### TASK TO COMPLETE
Where the word "Chevrolet" occurs in a line of the listing, please copy the line.
[DATA UNDER STUDY Boundary: Start]
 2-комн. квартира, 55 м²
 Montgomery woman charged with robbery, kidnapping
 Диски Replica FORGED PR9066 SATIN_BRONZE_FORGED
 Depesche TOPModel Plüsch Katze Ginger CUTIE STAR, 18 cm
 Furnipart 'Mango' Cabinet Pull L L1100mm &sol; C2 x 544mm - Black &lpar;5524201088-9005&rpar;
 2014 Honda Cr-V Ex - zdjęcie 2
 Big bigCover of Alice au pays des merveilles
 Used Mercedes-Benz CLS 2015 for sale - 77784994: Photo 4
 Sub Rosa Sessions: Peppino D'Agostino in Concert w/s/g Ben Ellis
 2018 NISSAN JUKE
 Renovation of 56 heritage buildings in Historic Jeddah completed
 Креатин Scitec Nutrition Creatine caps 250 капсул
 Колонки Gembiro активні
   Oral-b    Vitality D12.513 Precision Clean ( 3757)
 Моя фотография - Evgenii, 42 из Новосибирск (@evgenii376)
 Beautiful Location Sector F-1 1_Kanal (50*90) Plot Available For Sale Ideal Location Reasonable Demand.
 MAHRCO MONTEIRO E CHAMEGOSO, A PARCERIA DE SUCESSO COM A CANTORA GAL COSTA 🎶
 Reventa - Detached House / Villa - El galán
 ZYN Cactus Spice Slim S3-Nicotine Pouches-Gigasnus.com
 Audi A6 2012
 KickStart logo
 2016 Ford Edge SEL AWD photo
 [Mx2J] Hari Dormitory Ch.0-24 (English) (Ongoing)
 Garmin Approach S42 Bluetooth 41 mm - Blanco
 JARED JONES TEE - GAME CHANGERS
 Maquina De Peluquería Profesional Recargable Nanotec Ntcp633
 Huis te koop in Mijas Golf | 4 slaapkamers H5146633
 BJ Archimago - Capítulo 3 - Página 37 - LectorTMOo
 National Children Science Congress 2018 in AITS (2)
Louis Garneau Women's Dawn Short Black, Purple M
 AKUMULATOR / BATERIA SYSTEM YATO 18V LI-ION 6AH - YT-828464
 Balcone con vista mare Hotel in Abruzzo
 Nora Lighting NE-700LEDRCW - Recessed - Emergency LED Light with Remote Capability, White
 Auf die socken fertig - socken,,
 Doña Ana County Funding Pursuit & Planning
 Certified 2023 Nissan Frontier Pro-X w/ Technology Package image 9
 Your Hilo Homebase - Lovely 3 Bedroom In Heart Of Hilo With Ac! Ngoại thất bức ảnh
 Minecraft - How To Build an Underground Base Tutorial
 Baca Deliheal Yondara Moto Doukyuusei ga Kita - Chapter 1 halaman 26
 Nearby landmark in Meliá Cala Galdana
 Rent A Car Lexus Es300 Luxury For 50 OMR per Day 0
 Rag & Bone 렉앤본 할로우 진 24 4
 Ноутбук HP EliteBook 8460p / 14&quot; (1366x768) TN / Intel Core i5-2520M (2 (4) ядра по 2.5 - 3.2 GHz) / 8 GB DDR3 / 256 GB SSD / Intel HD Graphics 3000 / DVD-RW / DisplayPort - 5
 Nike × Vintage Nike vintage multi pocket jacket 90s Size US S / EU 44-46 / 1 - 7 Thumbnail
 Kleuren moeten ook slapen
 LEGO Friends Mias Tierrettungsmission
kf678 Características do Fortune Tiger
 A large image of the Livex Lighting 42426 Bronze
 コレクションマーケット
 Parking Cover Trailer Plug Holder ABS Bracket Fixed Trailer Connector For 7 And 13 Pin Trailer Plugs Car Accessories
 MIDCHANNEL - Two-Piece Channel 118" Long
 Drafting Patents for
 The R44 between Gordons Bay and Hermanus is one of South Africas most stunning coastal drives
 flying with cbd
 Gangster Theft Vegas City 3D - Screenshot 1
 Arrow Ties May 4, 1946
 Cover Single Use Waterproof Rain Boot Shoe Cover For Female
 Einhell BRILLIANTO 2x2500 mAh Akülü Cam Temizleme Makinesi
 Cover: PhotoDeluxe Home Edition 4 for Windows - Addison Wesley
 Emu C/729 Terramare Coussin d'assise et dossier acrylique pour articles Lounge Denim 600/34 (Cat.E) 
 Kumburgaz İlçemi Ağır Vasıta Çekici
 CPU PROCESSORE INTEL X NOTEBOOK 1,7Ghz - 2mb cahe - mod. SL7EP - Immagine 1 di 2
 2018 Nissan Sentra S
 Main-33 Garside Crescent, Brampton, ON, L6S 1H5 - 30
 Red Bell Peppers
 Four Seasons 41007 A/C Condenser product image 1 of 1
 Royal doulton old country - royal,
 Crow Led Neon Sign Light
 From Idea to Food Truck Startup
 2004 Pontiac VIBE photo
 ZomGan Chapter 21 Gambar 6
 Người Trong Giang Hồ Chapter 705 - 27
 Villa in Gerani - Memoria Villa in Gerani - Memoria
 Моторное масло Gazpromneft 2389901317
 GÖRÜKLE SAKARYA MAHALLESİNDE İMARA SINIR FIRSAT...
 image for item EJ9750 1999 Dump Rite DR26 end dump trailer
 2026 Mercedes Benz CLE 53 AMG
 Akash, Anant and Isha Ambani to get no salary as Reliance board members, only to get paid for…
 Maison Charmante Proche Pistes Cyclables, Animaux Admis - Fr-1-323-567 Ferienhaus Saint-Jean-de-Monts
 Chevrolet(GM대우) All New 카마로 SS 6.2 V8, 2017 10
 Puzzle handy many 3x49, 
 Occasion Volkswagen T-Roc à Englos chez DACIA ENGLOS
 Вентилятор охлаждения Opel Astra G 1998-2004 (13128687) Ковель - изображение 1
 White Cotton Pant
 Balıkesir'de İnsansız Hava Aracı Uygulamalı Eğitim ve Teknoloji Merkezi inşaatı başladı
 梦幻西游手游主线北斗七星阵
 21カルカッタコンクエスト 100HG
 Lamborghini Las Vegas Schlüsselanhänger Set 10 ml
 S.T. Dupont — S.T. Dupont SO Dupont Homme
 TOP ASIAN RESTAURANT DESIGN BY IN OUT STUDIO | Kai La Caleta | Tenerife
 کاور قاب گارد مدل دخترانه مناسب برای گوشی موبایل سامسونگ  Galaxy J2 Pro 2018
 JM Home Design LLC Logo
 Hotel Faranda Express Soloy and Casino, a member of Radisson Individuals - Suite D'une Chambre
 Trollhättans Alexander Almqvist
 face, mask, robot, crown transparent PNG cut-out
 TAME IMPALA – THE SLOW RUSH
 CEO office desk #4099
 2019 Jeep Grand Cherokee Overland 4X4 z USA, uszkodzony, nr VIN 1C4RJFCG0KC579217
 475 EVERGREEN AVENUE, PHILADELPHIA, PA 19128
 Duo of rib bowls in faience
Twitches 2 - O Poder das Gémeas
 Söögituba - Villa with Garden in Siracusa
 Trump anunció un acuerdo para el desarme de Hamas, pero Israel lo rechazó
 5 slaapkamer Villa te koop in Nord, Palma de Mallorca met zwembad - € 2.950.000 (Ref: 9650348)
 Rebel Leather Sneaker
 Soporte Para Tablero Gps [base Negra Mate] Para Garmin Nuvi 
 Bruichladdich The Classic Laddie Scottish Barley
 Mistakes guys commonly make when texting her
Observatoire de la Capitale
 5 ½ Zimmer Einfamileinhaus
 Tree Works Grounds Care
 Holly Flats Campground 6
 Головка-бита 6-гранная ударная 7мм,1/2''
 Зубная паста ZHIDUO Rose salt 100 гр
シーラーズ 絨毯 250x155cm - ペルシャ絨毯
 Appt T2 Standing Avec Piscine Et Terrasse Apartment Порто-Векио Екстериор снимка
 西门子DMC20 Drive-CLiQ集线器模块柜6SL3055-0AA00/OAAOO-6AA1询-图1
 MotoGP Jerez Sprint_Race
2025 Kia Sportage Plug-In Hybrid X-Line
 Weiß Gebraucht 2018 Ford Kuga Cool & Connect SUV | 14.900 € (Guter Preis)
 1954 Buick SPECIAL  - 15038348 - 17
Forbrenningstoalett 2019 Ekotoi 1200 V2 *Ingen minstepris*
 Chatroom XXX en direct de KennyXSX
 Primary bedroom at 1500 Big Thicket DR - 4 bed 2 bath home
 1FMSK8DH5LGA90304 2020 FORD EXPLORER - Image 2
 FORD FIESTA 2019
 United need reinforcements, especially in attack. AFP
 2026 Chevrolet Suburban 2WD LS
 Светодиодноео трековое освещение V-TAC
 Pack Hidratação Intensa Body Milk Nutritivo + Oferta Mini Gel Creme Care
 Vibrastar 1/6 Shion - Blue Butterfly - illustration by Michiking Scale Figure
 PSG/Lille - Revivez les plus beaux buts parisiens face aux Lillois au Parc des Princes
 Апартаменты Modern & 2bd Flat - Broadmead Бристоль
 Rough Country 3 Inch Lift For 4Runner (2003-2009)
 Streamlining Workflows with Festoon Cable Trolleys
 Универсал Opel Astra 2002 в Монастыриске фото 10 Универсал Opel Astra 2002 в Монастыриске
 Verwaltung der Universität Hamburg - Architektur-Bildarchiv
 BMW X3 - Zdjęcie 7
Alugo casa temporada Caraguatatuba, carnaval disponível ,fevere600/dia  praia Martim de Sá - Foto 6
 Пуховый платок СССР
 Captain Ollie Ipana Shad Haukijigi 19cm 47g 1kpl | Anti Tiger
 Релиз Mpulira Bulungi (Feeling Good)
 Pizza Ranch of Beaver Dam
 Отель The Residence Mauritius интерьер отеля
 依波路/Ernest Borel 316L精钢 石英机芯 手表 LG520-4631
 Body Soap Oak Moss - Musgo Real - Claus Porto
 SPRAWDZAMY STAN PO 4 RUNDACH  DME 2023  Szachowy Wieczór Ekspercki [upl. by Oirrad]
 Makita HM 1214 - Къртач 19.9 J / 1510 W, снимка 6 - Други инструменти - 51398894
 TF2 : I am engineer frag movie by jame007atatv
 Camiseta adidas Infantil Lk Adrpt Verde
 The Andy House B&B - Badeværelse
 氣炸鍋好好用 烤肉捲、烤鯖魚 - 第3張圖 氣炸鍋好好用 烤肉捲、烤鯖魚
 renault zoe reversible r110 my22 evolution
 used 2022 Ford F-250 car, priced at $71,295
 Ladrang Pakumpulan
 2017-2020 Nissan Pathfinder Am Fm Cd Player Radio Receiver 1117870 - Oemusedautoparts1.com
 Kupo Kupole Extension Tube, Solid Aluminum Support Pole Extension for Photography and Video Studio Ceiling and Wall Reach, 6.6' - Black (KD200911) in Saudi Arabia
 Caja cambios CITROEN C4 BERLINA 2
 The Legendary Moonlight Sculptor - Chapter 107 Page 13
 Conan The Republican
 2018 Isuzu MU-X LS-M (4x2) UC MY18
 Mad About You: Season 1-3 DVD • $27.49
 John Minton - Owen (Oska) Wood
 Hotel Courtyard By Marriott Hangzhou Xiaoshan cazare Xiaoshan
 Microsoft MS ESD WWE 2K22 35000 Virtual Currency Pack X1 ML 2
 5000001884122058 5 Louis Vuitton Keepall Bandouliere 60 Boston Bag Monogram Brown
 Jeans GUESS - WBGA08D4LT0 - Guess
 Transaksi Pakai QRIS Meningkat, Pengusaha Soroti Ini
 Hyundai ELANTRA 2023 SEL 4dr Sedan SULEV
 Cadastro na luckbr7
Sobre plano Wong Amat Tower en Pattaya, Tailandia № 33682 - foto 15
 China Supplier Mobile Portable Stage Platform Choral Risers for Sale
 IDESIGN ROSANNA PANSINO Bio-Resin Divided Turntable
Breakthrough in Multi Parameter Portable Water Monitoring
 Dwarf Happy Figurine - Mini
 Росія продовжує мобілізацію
[DATA UNDER STUDY Boundary: End]
### WORKED SOLUTION
 Chevrolet(GM대우) All New 카마로 SS 6.2 V8, 2017 10
 2026 Chevrolet Suburban 2WD LS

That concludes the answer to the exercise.